In Brief: Trump 47 Is Transforming What a Cabinet Means
He is appointing communicators, not administrators.
Donald Trump has certainly made hay with his picks for Cabinet posts. His choice for attorney general, Matt Gaetz, withdrew yesterday, but otherwise, he’s churning ahead. The Spectator’s Ben Domenech makes an interesting overarching observation about Trump’s strategy.
What’s emerging now is a clearer picture of what Trump 47 has as an idea of his cabinet — and it’s far more consistent, and potentially transformative, than some observers currently seem to appreciate.
Cabinets and top officials are most often drawn from a pool of experienced politicians with lengthy résumés, earned from decades of service in varied capacities and concentration in their particular area. The biggest donors and bundlers have their targeted jobs, as do the influence peddlers and those politicians mindful of the board jobs they want after they depart their role.
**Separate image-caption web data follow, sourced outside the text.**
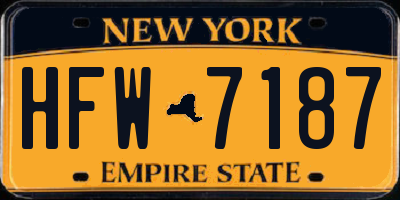 NY license plate HFW7187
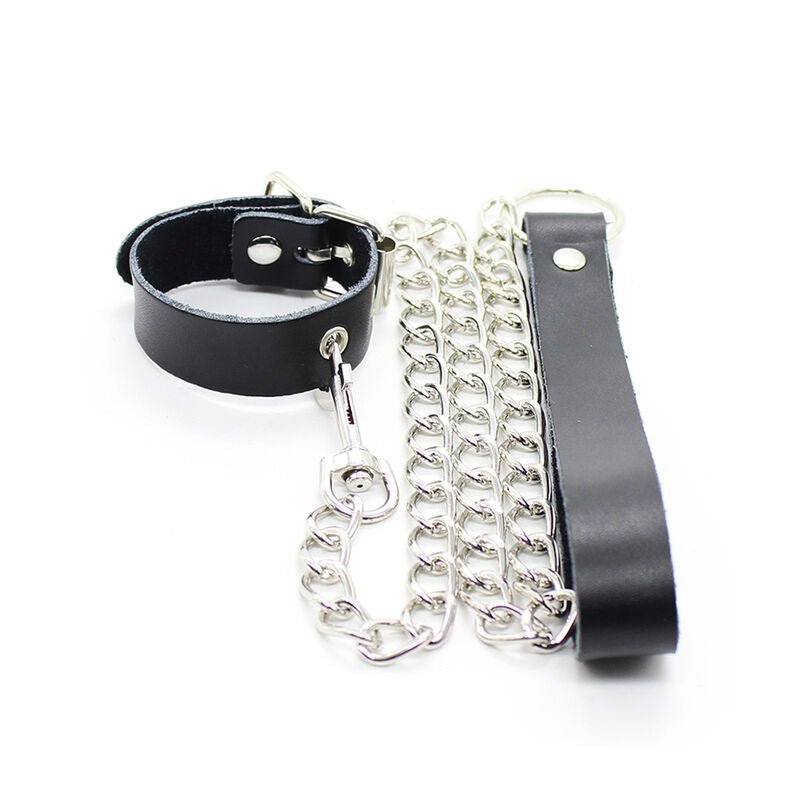 OHMAMA FETISH - PENIS NECKLACE AND LEATHER STRAP WITH METAL CHAIN - Kink&Play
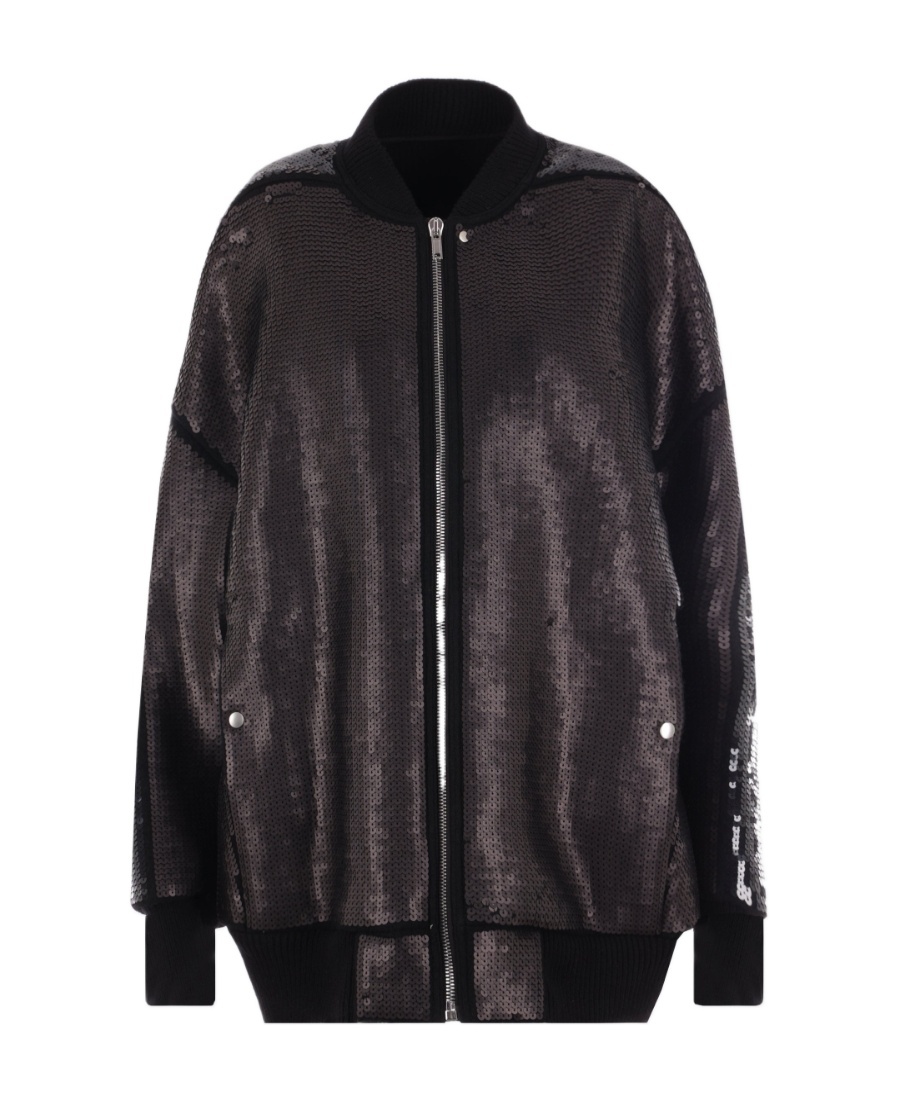 Rick Owens Peter Sequin-embellished Bomber Jacket In Black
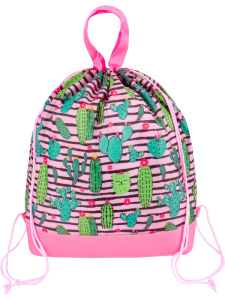 Сумка для сменной обуви на завязке "Кактусы" , 36х43 см , текстиль, СМ-1128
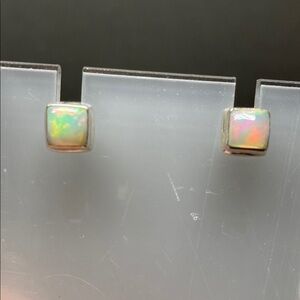 Ethiopian Opal Stud Earrings in Solid Sterling Silver 925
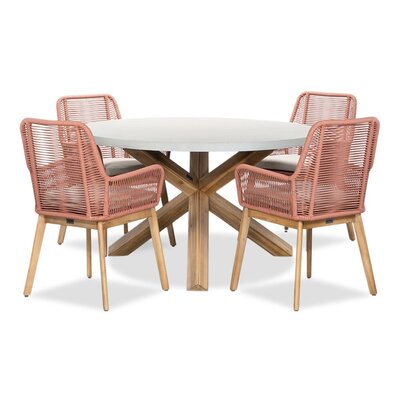 Nancy/Padua terra dining tuinset | 4 personen | betonlook + touw | 135cm rond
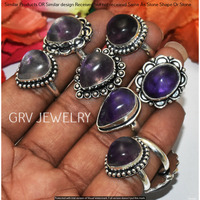 Amethyst 5 Piece Wholesale Ring Lots 925 Sterling Silver Ring NRL-548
The number of truly transformative cabinet members over the years is small in number; in recent terms you were more likely to see political hacks with little in the way of policy experience granted major roles.
Yet here’s what’s different with Trump:
Look across the range of nominees and it’s obvious what nearly all of them have in common: they are communicators, not administrators. The skillsets they bring to their new roles are less about the unsexy business of corralling bureaucrats, they’re about being experienced advocates to a public audience on behalf of Trump’s agenda, or their own. Imagine a cabinet entirely built around the idea that the people named all need to possess the capability not just to testify before Congress, run a press conference or do a media hit — but to go on longform podcasts as effective faces of the Trump 47 agenda. Nearly all of them have already done so, repeatedly, in the past few years. Some even host podcasts themselves — and there’s probably no reason for them to stop now.
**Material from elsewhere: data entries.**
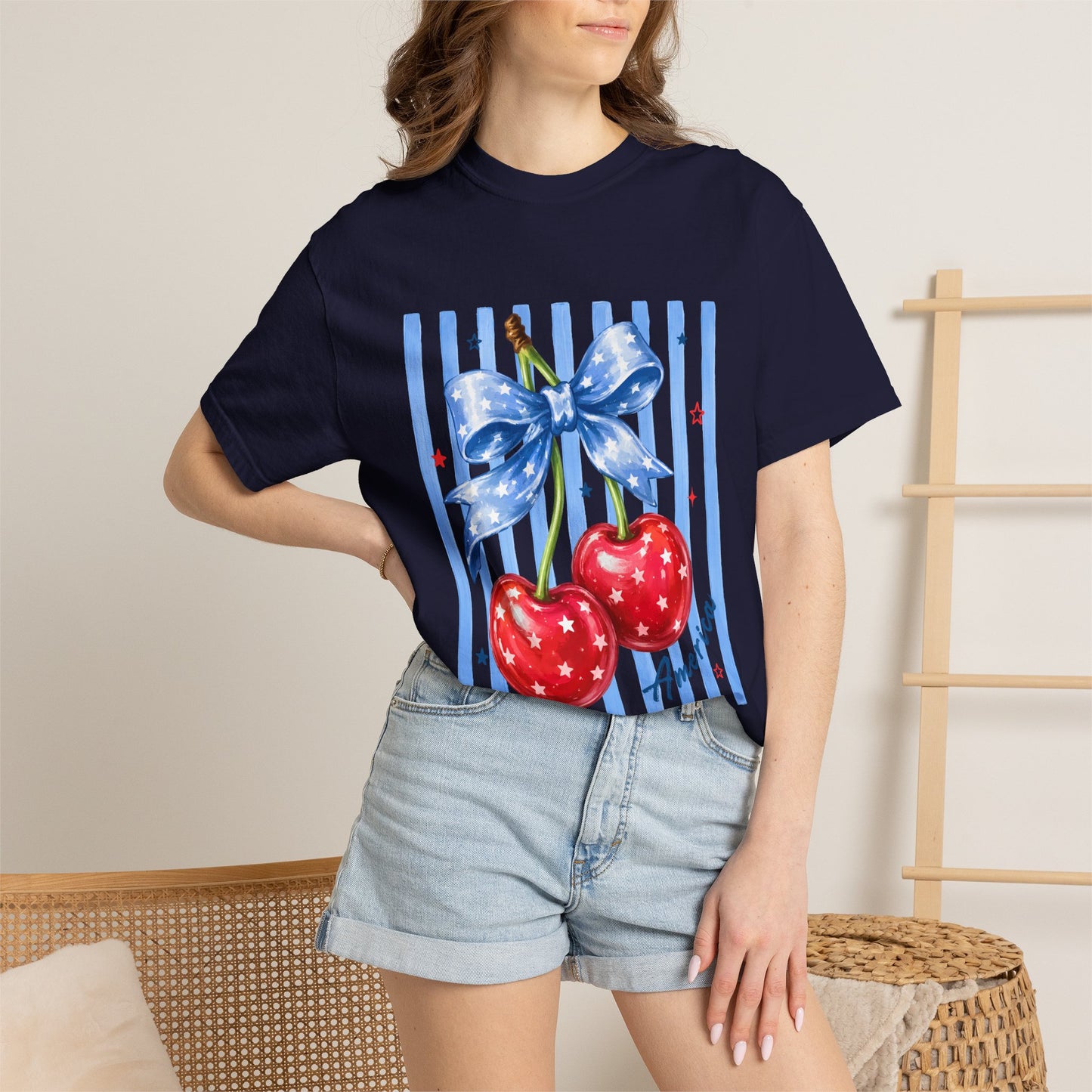 Cherry Bow T-Shirt — Retro Blue Stripes Graphic Tee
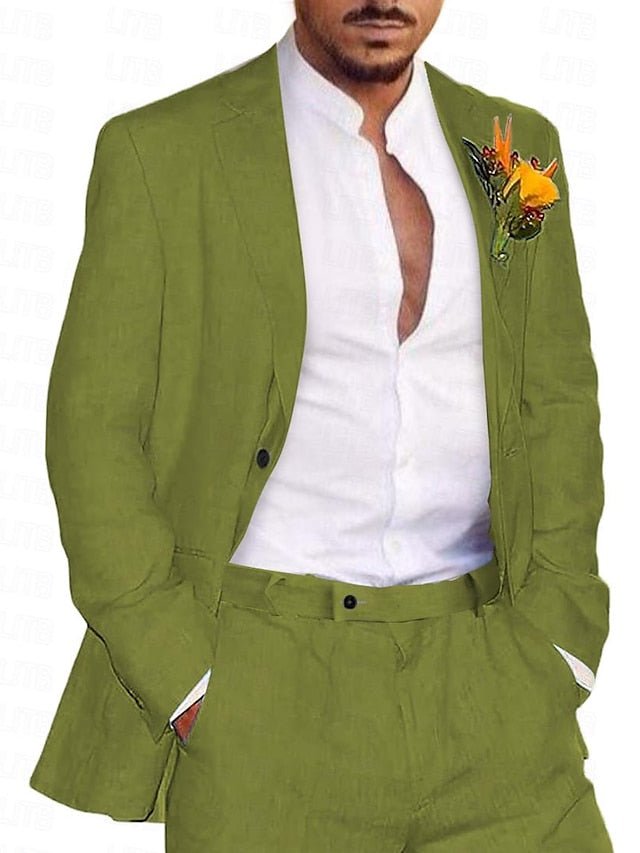 Men's Tailored Fit Single Breasted Two-buttons 2 Pieces Solid Coloured Linen Suits
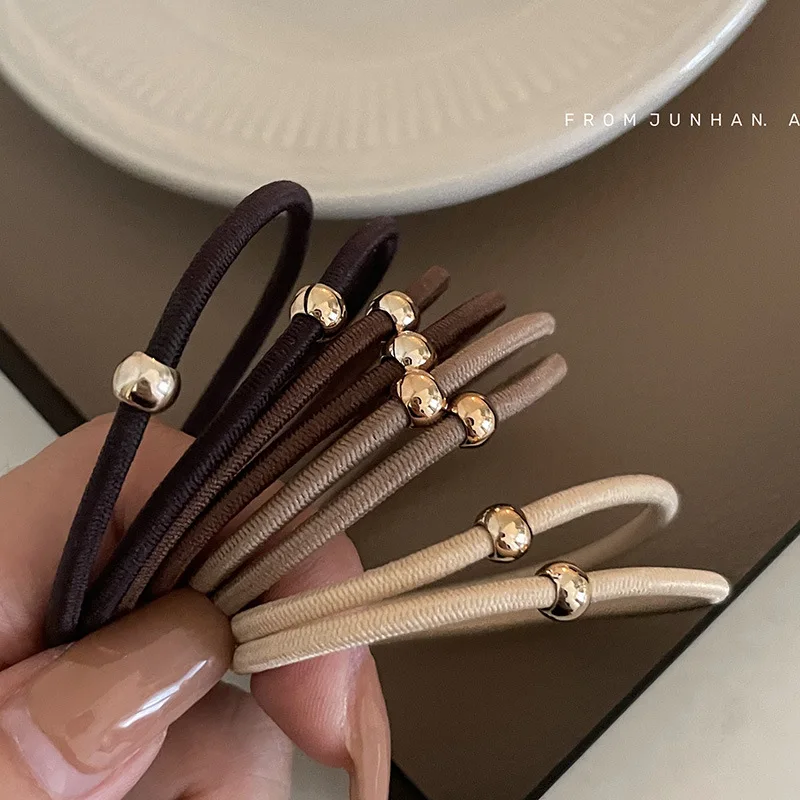 

Durable small gold bead head rope ~ high elastic hair ring hair accessories tied hair rubber band Korean simple female hair rope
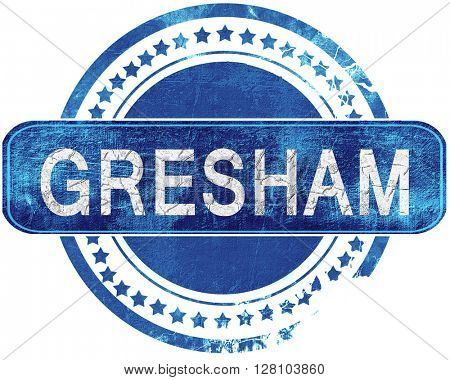gresham grunge blue stamp. Isolated on white.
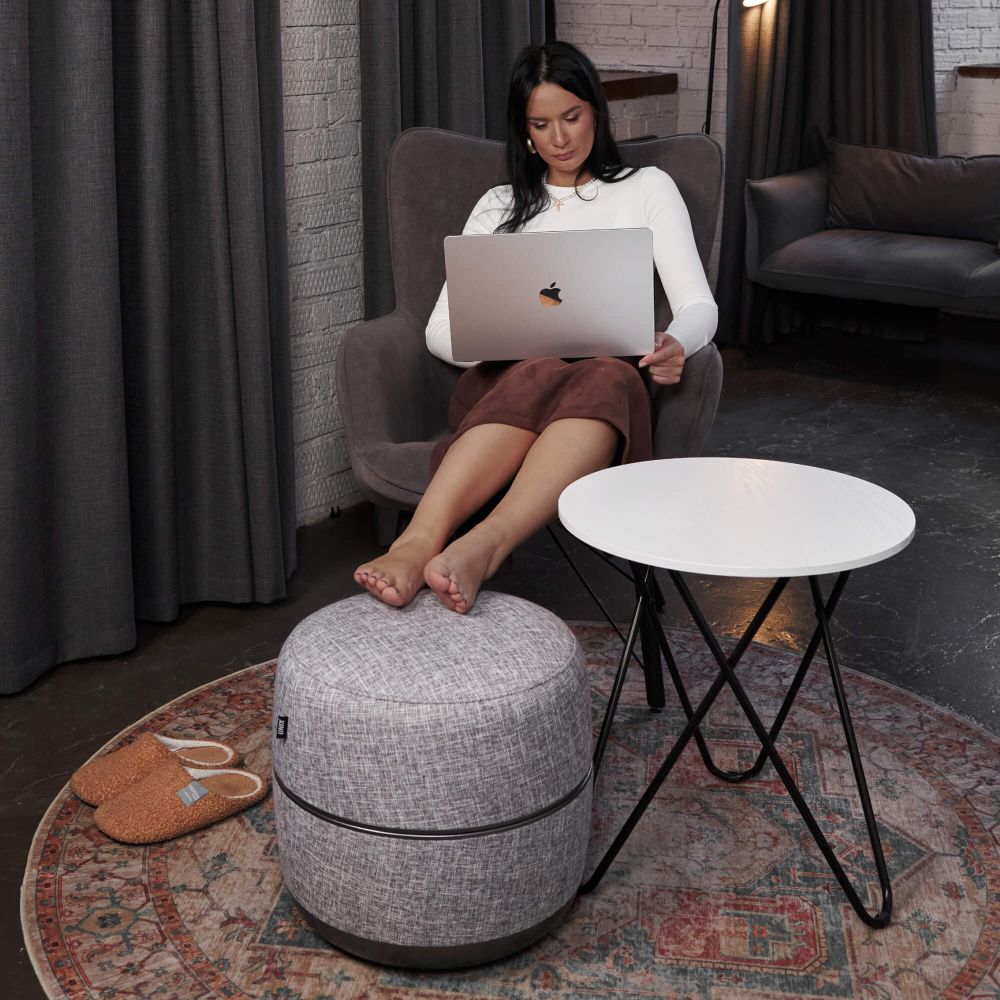 Массажер для ног 2в1 UNIX интерьерный пуф / Secret Pouf Grey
A pattern is emerging in all of this: pair a figure from central casting, loyal to Trump but perhaps lacking in subject matter experience, with solid deputies expected to do the tough behind the scenes work of upending the administrative state. The latter will have the tougher task, given the fact that much as the “resistance” effort is muted this time around, it still exists and thrives within the bureaucracies opposed to the president-elect’s dramatic promises of reform and redirection. But having the face matters, too, particularly in increasing the confidence of the American people in his policies.
Domenech sums up the strategy this way: “Leave policy making to the nerds; pick the people with the capability to make the best case for it, whatever it turns out to be.”